3. Are there any indications that either of these files is packed or obfuscated?
If so, what are these indicators?
A quick scan using PEID tool did not surface any packer being used for Lab01-01.dll and Lab01-01.exe
Manually this is how i would do it… Here I am looking out for tail jump in the graph (jmp to an address at the end of the graph/program) and any strings (upx etc) that indicates a packer being used and imports that seems to be too little for the program.
Based on IDA PRO’s imports table, Strings and Graph… Lab01-01.dll do not look like it has been packed or obfuscated.
Based on IDA PRO’s imports table, Strings and Graph… Lab01-01.exe do not look like it has been packed or obfuscated.
4. Do any imports hint at what this malware does? If so, which imports are they?
- Sleep; malware usually use this to delay dynamic analysis or simply to wait out for next command
- CreateProcessA; execute commands/program
- CreateMutexA; create mutex lock to prevent multiple running instances of the malware
- OpenMutexA; open a created mutex
- socket; suggest that the program is going to communicates via socket
- WSAStartup; initiates use of the Winsock DLL by a process
- connect; establish connection
- send; sends data
- recv; receive data
- inet_addr; you may locate the C&C ip address here
- htons; port that the C&C is using
From the above, i can deduced that the malware is trying to establish connection with a server to receive/send commands/data. This malware is capable of remote command execution since it uses CreateProcessA and it probably runs in a infinite loop sleeping in between each loop via the Sleep function.
- MapViewOfFile; maps a view of a physical file into memory. Malware can make changes to the actual file once it is mapped.
- CreateFileMappingA; open a file mapping object for a file
- FindFirstFileA; searches a directory for a file
- FindNextFileA; enumerate to the next file found by FindFirstFile
- CopyFileA; make a copy of the file
From the above, i can deduced that the malware is trying to search for a particular file and attempting to read/write an existing file in the system via MapViewOfFile. It is also trying to copy/dropping a file to another location.
5. Are there any other files or host-based indicators that you could look for
on infected systems?
6. What network-based indicators could be used to find this malware on
Lets answer these 2 questions all at one go… We can look out for 2 files (c:\\windows\\system32\\kerne132.dll & Lab01-01.dll) in the system, ip address (127.26.152.13; probably the C&C server) and a mutex (SADFHUHF) on the victim machine.
In Lab01-01.exe we can observe the following artifacts in the executable.
It seems like Lab01-01.exe is using hardcoded strings for filenames. There is a CopyFileA function being called in the exe where Lab01-01.dll is copied to c:\windows\system32\kerne132.dll. Take note that it is kerne(1)32.dll and not kernel32.dll. As i did not see any file delete operations in the executable… i suppose that both of the dll should still be residing on the victim’s machine.

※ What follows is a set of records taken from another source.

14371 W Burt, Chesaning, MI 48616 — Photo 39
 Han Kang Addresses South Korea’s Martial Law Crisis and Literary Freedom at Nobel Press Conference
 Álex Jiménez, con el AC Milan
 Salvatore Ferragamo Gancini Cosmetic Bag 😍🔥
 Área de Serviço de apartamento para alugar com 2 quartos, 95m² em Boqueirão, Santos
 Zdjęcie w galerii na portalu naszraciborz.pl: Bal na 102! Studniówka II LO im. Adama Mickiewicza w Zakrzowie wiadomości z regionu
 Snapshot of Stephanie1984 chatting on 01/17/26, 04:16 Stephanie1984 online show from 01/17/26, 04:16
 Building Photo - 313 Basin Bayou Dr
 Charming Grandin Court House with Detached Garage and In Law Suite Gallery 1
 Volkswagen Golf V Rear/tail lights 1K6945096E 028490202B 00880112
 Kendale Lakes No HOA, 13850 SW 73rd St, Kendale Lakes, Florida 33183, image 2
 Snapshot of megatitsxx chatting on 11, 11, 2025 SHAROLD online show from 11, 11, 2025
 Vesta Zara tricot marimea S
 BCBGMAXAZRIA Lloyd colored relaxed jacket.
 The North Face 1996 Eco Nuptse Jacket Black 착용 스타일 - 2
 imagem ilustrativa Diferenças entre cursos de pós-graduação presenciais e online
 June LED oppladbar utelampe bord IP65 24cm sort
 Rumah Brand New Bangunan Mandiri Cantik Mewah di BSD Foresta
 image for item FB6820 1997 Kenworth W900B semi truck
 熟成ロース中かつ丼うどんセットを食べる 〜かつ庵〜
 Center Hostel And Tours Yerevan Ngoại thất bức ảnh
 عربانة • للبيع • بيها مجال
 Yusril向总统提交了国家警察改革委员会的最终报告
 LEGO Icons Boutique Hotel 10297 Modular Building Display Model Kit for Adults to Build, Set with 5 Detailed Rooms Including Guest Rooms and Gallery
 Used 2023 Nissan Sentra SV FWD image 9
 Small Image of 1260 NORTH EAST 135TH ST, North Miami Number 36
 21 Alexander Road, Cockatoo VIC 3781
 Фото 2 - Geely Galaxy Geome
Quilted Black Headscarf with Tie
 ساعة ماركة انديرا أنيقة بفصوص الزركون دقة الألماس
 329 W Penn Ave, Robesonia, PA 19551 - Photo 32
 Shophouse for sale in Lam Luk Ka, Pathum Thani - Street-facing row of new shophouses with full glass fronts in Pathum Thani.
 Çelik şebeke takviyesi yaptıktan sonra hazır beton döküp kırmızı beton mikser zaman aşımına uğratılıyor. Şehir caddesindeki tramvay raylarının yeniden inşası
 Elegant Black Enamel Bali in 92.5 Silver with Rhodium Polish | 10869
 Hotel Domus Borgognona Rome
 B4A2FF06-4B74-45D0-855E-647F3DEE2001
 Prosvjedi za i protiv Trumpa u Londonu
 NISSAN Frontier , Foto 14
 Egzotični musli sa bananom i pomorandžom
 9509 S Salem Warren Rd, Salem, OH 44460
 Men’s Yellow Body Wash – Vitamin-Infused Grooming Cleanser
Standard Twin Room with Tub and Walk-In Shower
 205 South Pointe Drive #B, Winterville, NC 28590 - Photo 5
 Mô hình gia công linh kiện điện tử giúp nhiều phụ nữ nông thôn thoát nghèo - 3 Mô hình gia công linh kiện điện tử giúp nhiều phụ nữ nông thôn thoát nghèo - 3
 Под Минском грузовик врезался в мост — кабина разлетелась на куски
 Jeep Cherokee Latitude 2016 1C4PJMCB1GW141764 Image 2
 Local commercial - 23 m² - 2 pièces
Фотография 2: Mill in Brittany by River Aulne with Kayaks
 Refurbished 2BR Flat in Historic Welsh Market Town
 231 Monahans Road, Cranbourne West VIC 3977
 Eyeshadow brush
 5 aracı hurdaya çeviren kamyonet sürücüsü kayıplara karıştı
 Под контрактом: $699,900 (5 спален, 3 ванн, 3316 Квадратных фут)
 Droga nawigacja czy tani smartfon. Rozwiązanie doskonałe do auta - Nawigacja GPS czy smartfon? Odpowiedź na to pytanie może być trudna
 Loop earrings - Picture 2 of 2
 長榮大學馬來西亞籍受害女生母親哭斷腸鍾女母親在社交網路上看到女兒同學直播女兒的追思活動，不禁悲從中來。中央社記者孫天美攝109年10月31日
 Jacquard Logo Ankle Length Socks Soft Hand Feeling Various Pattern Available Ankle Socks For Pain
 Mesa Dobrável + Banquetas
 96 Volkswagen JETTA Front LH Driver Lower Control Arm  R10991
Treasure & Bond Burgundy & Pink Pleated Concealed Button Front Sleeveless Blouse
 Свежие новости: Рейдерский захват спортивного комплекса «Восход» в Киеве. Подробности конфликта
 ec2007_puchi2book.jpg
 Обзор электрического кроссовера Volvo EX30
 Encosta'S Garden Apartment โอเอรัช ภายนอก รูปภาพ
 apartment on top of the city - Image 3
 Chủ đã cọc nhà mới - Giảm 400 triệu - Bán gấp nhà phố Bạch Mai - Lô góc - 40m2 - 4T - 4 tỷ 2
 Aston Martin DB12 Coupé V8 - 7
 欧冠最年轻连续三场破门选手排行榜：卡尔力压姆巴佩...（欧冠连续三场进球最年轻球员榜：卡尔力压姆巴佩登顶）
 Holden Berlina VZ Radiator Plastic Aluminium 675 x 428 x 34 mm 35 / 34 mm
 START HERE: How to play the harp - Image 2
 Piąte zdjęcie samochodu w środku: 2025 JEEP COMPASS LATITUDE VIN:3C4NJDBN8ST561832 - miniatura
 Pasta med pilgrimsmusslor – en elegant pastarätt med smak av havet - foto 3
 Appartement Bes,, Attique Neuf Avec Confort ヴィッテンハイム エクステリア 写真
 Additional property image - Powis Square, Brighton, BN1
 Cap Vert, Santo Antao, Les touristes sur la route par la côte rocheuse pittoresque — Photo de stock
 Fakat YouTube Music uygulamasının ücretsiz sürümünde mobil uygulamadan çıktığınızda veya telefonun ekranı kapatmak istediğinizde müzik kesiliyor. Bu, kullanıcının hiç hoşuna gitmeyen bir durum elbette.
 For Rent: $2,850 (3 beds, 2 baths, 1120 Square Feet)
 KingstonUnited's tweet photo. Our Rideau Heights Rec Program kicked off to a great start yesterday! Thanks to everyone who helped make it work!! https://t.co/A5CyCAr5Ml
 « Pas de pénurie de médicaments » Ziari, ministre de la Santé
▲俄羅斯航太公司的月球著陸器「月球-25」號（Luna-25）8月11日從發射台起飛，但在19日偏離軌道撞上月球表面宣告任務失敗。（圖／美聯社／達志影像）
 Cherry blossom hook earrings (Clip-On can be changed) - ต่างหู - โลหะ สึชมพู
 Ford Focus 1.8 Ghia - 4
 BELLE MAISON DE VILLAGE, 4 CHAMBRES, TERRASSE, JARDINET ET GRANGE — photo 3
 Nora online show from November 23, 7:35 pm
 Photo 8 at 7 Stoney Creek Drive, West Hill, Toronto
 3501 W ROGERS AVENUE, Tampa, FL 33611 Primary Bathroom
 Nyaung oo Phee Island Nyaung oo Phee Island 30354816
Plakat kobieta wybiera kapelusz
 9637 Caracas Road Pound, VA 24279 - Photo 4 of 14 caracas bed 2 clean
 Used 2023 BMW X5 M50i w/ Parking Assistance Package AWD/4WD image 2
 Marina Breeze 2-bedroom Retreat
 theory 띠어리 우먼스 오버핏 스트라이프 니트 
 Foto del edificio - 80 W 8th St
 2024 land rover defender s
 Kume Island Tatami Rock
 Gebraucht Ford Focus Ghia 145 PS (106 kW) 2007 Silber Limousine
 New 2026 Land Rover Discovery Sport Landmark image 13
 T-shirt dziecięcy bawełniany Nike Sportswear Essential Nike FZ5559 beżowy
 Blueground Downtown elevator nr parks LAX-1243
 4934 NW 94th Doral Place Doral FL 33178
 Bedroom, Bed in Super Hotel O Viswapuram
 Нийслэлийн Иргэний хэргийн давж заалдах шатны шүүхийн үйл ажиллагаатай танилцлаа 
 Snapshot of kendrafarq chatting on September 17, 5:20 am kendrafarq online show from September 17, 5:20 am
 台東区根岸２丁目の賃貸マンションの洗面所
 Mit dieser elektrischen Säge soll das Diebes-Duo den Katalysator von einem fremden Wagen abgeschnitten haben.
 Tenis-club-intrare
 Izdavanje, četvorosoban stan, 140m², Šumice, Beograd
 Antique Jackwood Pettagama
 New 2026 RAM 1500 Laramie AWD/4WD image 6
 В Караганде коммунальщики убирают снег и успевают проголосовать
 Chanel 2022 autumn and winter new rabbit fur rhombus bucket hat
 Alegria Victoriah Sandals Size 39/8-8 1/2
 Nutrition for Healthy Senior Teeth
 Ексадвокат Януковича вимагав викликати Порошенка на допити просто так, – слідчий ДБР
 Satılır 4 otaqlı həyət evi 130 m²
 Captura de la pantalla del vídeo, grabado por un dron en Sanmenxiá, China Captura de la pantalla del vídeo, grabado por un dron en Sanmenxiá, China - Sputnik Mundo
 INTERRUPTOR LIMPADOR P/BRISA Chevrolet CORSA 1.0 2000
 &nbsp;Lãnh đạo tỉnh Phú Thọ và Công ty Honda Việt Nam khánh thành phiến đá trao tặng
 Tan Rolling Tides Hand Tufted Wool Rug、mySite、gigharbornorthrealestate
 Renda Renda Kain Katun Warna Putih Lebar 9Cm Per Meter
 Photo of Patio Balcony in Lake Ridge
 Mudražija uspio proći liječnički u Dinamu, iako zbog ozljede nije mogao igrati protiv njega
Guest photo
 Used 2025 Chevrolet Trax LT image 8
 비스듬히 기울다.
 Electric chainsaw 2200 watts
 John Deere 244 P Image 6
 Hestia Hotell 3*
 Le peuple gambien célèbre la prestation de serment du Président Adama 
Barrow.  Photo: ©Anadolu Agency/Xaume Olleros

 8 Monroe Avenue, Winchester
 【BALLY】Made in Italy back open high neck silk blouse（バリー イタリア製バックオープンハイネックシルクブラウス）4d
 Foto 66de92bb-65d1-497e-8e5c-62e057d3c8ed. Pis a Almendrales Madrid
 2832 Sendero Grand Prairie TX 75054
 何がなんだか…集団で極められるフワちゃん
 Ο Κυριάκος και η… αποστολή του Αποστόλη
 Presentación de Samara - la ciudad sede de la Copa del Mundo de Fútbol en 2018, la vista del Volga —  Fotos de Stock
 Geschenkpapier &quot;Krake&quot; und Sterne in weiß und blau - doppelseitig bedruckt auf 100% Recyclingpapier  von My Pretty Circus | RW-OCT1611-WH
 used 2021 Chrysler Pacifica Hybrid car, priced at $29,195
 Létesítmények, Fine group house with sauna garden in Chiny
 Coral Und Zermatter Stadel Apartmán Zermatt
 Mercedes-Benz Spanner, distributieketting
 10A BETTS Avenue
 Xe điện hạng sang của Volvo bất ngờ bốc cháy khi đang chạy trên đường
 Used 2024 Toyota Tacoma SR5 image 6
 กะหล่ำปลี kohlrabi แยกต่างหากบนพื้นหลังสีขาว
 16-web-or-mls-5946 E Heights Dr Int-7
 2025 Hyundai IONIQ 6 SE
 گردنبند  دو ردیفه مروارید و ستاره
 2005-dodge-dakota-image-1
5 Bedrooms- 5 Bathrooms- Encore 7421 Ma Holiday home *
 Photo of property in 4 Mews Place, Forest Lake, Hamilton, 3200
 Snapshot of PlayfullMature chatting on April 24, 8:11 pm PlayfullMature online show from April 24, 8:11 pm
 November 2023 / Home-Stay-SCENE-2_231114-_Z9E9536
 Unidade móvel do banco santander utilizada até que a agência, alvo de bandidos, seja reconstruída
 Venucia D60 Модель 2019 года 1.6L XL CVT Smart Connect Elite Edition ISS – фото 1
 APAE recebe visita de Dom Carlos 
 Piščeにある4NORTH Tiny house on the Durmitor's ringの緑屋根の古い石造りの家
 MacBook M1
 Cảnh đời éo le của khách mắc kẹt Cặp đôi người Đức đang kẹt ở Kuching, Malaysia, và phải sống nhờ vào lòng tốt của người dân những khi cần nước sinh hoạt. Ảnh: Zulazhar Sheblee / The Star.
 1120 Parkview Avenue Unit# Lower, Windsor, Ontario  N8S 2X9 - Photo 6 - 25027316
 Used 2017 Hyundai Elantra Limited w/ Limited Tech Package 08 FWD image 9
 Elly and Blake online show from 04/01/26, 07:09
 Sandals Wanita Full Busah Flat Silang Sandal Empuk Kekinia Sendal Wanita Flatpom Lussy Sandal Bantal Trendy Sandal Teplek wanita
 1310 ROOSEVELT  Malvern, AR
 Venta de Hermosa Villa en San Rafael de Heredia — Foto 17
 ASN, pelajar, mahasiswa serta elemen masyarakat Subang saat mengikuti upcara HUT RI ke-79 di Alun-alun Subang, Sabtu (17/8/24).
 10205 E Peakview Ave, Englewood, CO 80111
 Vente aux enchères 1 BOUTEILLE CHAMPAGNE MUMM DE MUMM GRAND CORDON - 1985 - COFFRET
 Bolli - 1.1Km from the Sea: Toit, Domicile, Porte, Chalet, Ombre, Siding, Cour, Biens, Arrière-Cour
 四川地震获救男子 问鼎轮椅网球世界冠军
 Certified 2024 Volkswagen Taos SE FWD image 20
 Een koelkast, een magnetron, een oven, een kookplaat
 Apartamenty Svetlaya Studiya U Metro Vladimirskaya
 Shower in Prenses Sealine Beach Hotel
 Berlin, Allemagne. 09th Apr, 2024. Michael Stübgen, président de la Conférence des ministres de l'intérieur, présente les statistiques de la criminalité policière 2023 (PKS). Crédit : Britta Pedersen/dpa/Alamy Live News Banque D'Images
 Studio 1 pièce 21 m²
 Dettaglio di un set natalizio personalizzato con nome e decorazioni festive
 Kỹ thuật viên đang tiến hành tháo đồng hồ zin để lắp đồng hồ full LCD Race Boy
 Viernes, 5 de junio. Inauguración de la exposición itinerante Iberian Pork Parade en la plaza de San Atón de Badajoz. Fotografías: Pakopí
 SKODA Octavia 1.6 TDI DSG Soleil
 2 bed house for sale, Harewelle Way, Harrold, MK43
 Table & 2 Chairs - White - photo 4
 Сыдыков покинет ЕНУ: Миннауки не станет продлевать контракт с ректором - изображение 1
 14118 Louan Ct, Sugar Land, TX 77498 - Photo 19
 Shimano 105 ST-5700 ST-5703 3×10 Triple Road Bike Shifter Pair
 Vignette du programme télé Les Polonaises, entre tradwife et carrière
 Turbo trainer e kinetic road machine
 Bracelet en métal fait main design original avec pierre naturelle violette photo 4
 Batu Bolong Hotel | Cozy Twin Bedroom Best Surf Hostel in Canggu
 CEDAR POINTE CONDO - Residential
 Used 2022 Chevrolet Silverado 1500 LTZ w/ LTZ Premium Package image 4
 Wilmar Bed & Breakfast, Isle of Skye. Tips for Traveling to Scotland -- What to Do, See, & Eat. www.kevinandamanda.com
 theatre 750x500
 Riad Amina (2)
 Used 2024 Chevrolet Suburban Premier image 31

In Lab01-01.dll we can observe the following artifacts in the executable.
There is an ip address and a weird string “SADFHUHF” in the executable.
On analyzing, it seems that “SADFHUHF” is a hardcoded unique string for mutex. We can use this unique mutex value to search in the victim’s machine.
On further analysis, we are able to confirm that the ip address we saw earlier in the strings is indeed being used.
7. What would you guess is the purpose of these files?
My guess is that this malware would make a malicious copy of its dll by disguising itself as kerne(1)32.dll. This exe will then try to search for some files and infect it to run this dll. The dll is capable of ensuring that only one instance of the malicious code is running since mutex is being used. It will then communicates on a timely basis (Sleep) to the C&C @ 127.26.152.13 to receive commands to execute on the victim’s machine.